__EXERCISE REQUIREMENTS__: Verbatim output of the lines below is required, with the images omitted.

__DATA SEGMENT__:

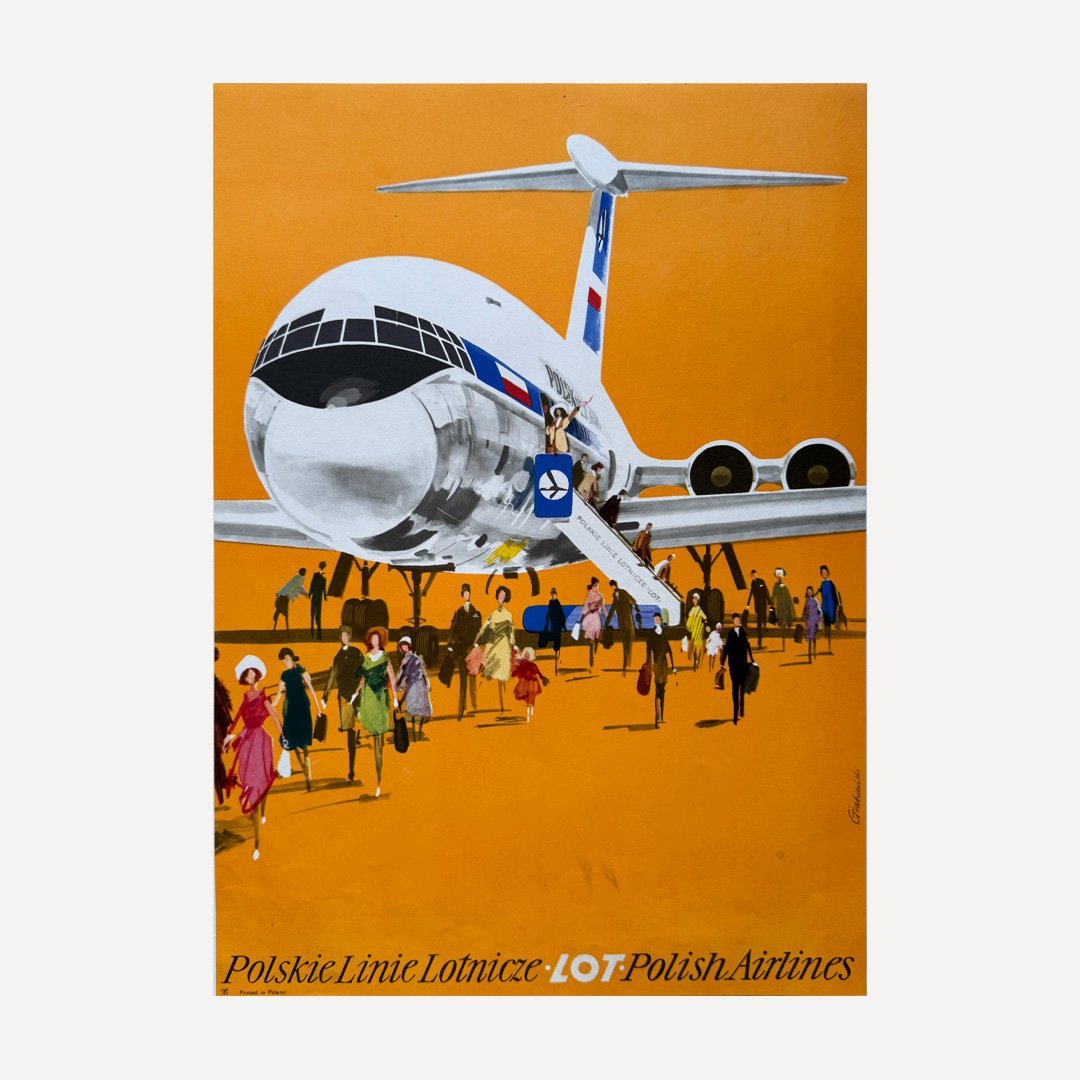 Polish Airlines LOT by Janusz Grabianski, 1975 Polish Travel Poster, Vintage Advertising Poster, Polish School of Posters, Rare Polish Poster, Projekt 26 Posters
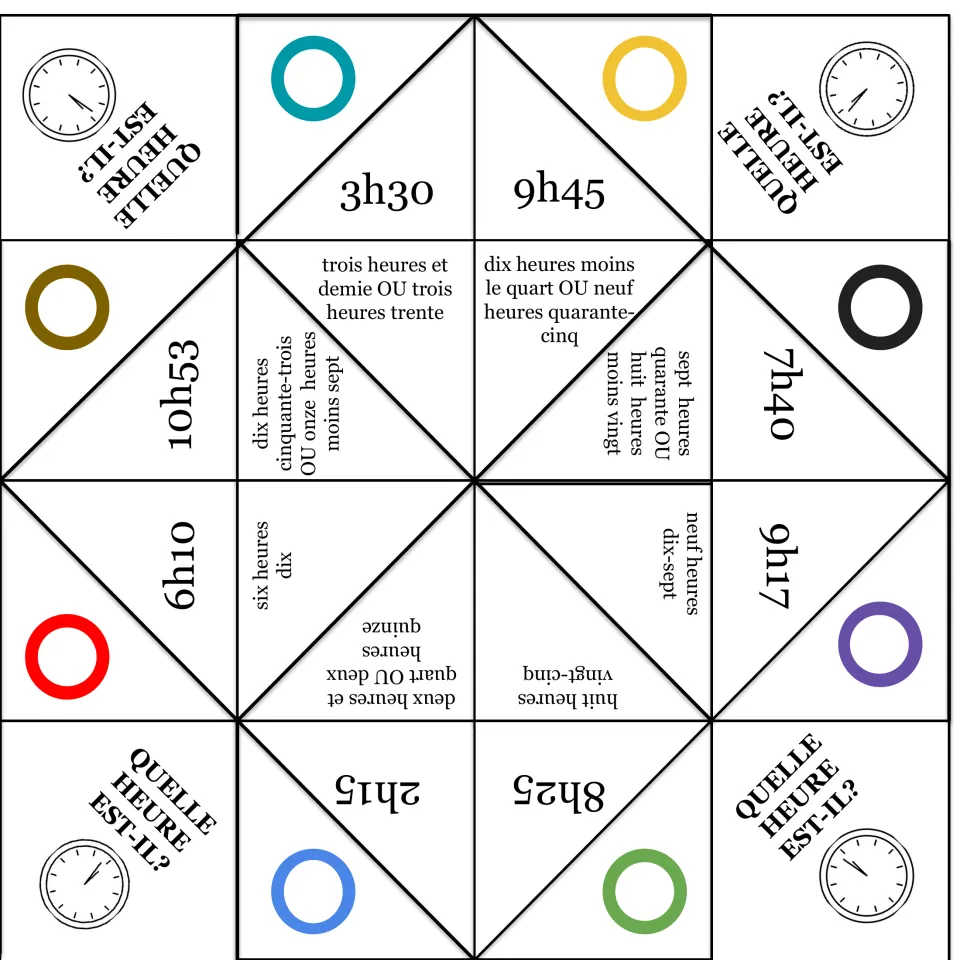 French clock fortune teller 4: 3h30, 9h45, 7h40, 9h17, 8h25, 2h15, 6h10 and 10h53 with French time phrases.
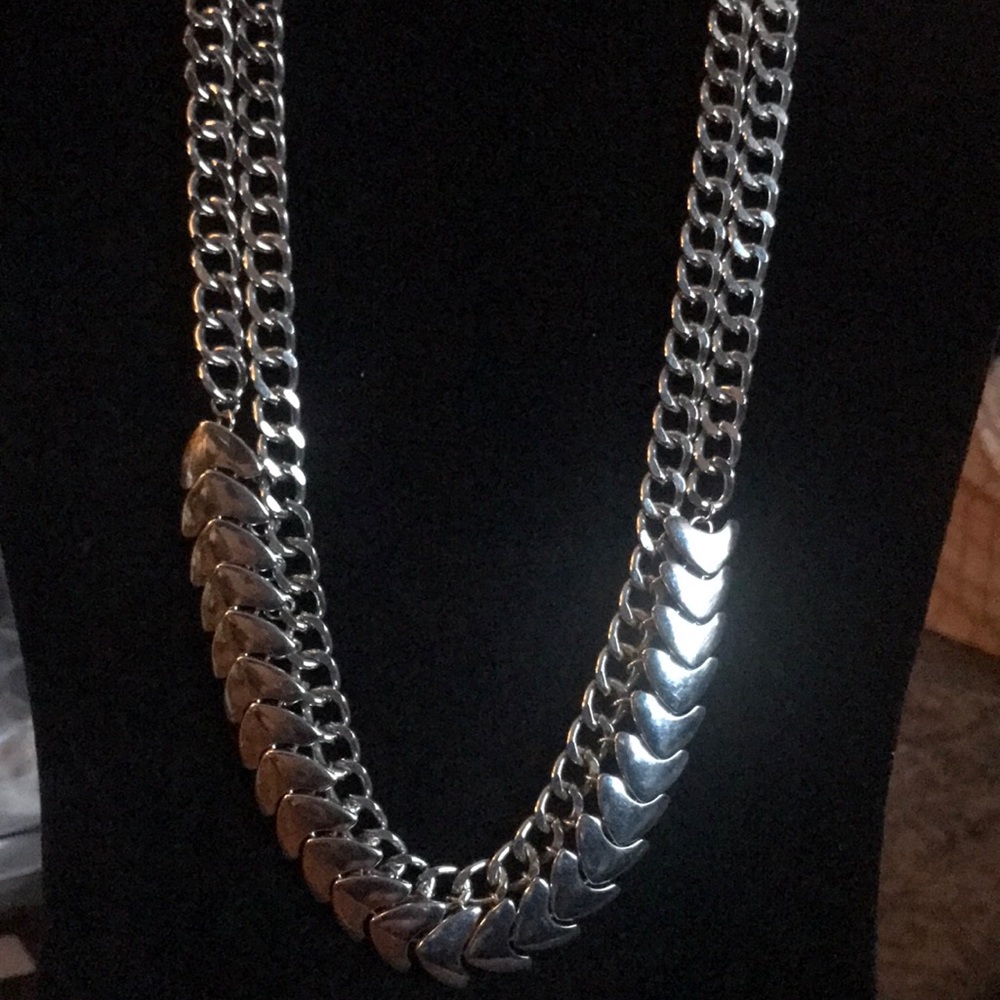 Silver tone chain necklace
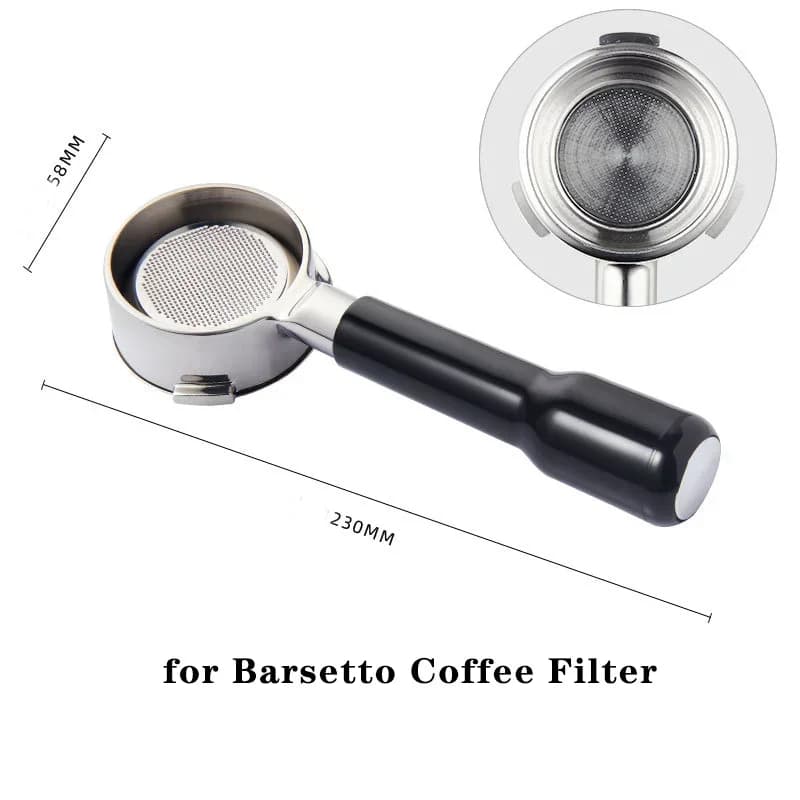 Portafiltro profissional 58mm com cabo preto 230mm compatível Barsetto para máquina de café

__SOLUTION TO THIS EXERCISE__:
 Polish Airlines LOT by Janusz Grabianski, 1975 Polish Travel Poster, Vintage Advertising Poster, Polish School of Posters, Rare Polish Poster, Projekt 26 Posters
 French clock fortune teller 4: 3h30, 9h45, 7h40, 9h17, 8h25, 2h15, 6h10 and 10h53 with French time phrases.
 Silver tone chain necklace
 Portafiltro profissional 58mm com cabo preto 230mm compatível Barsetto para máquina de café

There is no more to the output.